9 Replies Latest reply on May 16, 2011 8:55 AM by himanshu.gautam

    async_work_group_copy

    Meteorhead

      Hi!

      My quick question is: I was told earlier that prefetch is currently not supported. Is it the same with async_work_group_copy? If yes, is it a HW limitation that asynchronous commands cannot be used or is it simply an implementation issue, that it is not yet supported.

      Cheers,

      Máté

        • async_work_group_copy
          nou

           you can use asyn_copy at worst it will be not asynchronous.

            • async_work_group_copy
              Meteorhead

              Although it is not entirely relevant to this topic (although it might even be)...

              It has been rumored, that global sync might become available with 69xx cards. What is the "Global synchronisation registers" block mean on the architecture block diagram? It was already present on the Cypress diagrams.

                • async_work_group_copy
                  DTop

                  What is async_work_group_copy is, in your context?
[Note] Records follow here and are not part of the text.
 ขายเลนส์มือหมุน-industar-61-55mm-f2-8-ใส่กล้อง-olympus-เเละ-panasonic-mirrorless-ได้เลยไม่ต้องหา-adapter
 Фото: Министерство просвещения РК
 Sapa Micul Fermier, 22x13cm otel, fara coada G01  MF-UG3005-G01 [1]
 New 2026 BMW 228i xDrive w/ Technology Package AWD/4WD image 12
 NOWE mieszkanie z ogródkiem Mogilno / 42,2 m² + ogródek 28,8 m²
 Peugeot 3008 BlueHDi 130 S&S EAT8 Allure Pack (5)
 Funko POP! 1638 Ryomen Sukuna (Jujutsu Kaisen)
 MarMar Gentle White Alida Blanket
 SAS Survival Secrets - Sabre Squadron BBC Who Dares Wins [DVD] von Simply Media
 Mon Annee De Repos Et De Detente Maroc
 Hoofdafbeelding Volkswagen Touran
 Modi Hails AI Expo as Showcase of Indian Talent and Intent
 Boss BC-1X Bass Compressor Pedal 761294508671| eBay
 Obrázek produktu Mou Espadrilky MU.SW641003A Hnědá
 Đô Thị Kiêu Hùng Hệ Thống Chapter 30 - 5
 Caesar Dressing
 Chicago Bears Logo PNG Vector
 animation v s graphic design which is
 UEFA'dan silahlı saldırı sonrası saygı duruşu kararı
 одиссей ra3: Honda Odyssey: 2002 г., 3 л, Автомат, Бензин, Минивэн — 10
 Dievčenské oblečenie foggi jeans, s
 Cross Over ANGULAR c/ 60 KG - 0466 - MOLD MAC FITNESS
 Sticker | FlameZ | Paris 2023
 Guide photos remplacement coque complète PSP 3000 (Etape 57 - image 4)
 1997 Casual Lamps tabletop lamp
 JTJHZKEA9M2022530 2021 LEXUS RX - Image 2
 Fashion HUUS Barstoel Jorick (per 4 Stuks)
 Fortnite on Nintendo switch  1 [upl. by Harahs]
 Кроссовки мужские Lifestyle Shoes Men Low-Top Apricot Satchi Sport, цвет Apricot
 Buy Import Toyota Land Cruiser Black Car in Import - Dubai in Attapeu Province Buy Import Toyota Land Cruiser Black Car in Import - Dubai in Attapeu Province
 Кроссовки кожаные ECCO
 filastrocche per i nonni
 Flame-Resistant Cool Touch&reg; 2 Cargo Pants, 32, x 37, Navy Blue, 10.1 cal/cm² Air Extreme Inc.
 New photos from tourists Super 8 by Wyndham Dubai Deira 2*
                    • async_work_group_copy
                      Meteorhead

                      async_work_group_copy is described in the spec pdf. I know global syncing has nothing to do with work_group_copy, but as a matter of fact I wouldn't be surpised if infact on the hardware events used to query async commands would be stored in a location visible to all SIMD engines.

                      I have no clue what those Global sync registers are used for, that's why I asked. And as I have said before, I know it has little to do with the topic name, but it might turn out that async commands and global sync would use same HW element.  That's what I tried to refer to.

                        • async_work_group_copy
                          Meteorhead

                          Let me ask one thing about this issue for clarification:

                          Is out-of-order command queue only a host thread issue? (In my mind it requires device occupation query every time a kernel "wave" finishes and host thread decides which thread to issue from the command queue based upon event dependency and resource usage)

                          Are 5xxx and 6xxx cards capable of async operations at all? (async-work-group-copy and prefetch in particular) Both would be very useful for algorithms that can intelligently cache ahead. I was told prefetch compiles into nop() on GPUs (I do not know about CPUs), but is this lack of support or HW capability?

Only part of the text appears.